Los sueños ya no volarán en Spanair. Las alas de la compañía están en quiebra. Igual que la de sus dos mil empleados que mañana harán cola en las puertas del hangar del paro. Resulta irónico, al quedarse en tierra contribuirán a que las cifras del desempleo despeguen más alto. Lo peor es que la economía es un frío cielo raso para la velocidad de crucero. La cifra de trabajadores sin trabajo sigue subiendo y ni los expertos ni los políticos se atreven a vaticinar con sinceridad un descenso cercano. La pista de aterrizaje no aparece en ningún mapa y el futuro se ha convertido en uno de esos juguetes sin pilas que a veces traen los Reyes Magos. Cada día muchas familias desmontan su casa y amanecen transformadas kafkianamente en caracoles a un lado del camino. Cada día los jóvenes miran el título de su licenciatura enmarcada y piensan en su encrucijada: emigrar hacia otro mundo o buscar desesperadamente un empleo basura en el que echar sus sueños, sin saber si un día podrán estrenarlos. Cada día los mercados nos apagan la vida con su mando a distancia, mientras los sabios de la Real Academia de la Lengua debaten acerca de la existencia o no de nuevos adjetivos que signifiquen el dolor, la angustia, el drama, la incertidumbre que nos tiembla.

Son tiempos difíciles y la esperanza es como el final de un poema que se resiste.

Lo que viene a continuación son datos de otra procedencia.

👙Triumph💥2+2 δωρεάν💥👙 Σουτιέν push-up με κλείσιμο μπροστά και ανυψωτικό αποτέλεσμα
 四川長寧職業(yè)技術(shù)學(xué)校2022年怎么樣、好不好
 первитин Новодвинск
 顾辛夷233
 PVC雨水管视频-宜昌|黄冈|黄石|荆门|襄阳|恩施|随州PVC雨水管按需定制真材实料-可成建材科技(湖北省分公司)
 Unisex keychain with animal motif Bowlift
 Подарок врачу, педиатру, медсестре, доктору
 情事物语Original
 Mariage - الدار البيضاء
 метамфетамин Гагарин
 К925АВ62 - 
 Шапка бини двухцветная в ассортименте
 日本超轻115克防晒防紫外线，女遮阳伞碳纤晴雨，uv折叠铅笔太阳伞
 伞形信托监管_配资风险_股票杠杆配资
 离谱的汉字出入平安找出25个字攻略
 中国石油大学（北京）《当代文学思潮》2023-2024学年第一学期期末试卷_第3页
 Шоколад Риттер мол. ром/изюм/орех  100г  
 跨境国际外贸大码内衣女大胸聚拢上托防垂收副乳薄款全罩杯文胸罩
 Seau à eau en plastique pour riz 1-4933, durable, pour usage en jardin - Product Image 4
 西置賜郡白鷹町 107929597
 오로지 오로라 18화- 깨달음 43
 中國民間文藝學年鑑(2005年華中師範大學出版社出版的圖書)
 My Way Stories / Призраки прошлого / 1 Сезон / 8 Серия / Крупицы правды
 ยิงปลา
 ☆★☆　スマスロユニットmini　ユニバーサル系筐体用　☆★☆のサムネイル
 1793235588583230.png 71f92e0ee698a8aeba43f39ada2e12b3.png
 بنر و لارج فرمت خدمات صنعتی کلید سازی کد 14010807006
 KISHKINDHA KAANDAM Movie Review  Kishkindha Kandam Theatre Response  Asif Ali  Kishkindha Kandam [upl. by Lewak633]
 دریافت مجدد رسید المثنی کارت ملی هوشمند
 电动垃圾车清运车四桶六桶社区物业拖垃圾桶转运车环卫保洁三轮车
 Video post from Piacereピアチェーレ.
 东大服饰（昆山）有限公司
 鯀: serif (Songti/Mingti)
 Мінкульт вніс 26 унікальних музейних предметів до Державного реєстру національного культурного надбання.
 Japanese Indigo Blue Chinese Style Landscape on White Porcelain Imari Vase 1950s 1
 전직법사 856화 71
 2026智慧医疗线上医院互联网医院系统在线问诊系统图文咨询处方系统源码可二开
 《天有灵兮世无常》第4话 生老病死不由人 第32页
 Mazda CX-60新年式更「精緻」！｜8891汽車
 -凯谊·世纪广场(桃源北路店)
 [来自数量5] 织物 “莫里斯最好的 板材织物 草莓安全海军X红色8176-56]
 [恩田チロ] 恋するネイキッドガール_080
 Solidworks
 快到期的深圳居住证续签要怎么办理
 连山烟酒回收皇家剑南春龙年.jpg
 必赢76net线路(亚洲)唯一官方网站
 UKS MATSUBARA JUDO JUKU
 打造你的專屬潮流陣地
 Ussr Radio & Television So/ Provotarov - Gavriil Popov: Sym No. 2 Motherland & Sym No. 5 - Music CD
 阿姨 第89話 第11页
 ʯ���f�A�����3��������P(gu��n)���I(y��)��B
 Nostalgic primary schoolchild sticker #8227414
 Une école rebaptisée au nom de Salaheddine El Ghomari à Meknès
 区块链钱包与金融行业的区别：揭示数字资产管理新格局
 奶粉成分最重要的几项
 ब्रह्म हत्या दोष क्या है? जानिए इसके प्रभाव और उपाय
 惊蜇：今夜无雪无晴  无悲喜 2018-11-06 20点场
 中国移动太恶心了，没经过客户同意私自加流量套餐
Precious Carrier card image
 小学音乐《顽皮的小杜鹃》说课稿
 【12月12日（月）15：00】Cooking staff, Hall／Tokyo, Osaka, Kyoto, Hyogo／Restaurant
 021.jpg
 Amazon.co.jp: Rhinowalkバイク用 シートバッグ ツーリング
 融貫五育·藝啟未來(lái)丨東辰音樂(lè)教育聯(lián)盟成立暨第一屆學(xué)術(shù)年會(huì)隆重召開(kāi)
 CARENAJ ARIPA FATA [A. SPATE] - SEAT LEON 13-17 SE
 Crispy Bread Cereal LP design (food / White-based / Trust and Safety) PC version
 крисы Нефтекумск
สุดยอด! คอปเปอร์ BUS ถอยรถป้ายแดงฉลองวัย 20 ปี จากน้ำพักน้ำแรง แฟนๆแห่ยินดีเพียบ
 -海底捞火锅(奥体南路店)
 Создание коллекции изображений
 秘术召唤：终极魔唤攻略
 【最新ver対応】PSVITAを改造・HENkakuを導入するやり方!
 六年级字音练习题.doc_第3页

La precaria realidad social, la calle, la penumbra de los hogares, se parece demasiado a la que retrató Charles Dickens. El gran escritor del que este año festejamos el bicentenario de su nacimiento. Una paradoja. Lo hacemos, viviendo al relente del ambiente hostil, de la injusticia, de la pobreza, de la patente ineficacia de las administraciones, de la corrupción y de la economía inmoral del sistema victoriano que plasmó en brillantes novelas que, por otra parte, desconoce la gran mayoría de los alumnos. Y difícil lo tendrán si la receta de la economía política (porque ya no existe la política económica) y de sus doctores, investidos de cirujanos de campaña, consiste en amputar las piernas de la cultura. Precisamente lo que le permite al ser humano levantarse y caminar hacia delante. De momento, están en la UVI las bibliotecas, los centros de arte contemporáneo, los museos, más de una revista, las instituciones culturales, entendidas como prescindibles artículos de lujo. En la morgue se encuentran ya muchos medios de comunicación y cuerpos de periodistas. Un oficio que justo ahora, otra irónica paradoja, tendrá en Andalucía un Colegio Oficial recién aprobado por la Junta y en el que sólo habrá fantasmas y un puñado de enfermos terminales.

La vida está Dickens porque todos tenemos malas cartas o somos huérfanos de viejos ideales, y las grandes esperanzas sólo es un libro de hace dos siglos pasados. De aquel XIX cuyos espectros navideños nos visitan a diario. Lo malo es que sólo se cuelan en el insomnio de las víctimas honradas, de aquellos para los que el trabajo que aún mantienen es una dolorosa quemadura en la yema de los dedos. En cambio, los numerosos Mister Scroogle duermen a pierna suelta, vuelan en jets privados, evaden la justicia, esclavizan a sus empleados, cuentan sus monedas y las viajan a buen recaudo sin ningún problema. Denunciar, analizar, escribir como Dickens acerca de esta precaria realidad, sirve de poco. Hay novelistas, como Isaac Rosa, que hablan del trabajo como espectáculo de ficción; cuentistas que diseccionan el cadáver de nuestro tiempo y prometen una salida al laberinto; poetas, como Isabel Bono, que utilizan los armarios como una cabina de descompresión y buscan en los blogs afinidades electivas; y poetas, como Virginia Aguilar, que custodian un buzón esperando captar el lado mágico de lo cotidiano. Ellos tienen suerte. Pueden exiliarse en la literatura, reinventarse un mundo o responderse sus inquietudes. Están menos solos que los que consideran la imaginación algo ilegible o aquellos que carecen de argumentos para plantar cara al pesimismo con alguna posibilidad.

No obstante, unos y otros, todos, deberíamos releer a Dickens, llevar en el bolsillo un libro de poemas, defender la cultura como antídoto y refugio. Recordar que el ser humano nunca sabe de lo que es capaz hasta que lo intenta. Tal vez así consigamos que la vida deje de ser una mera transacción económica.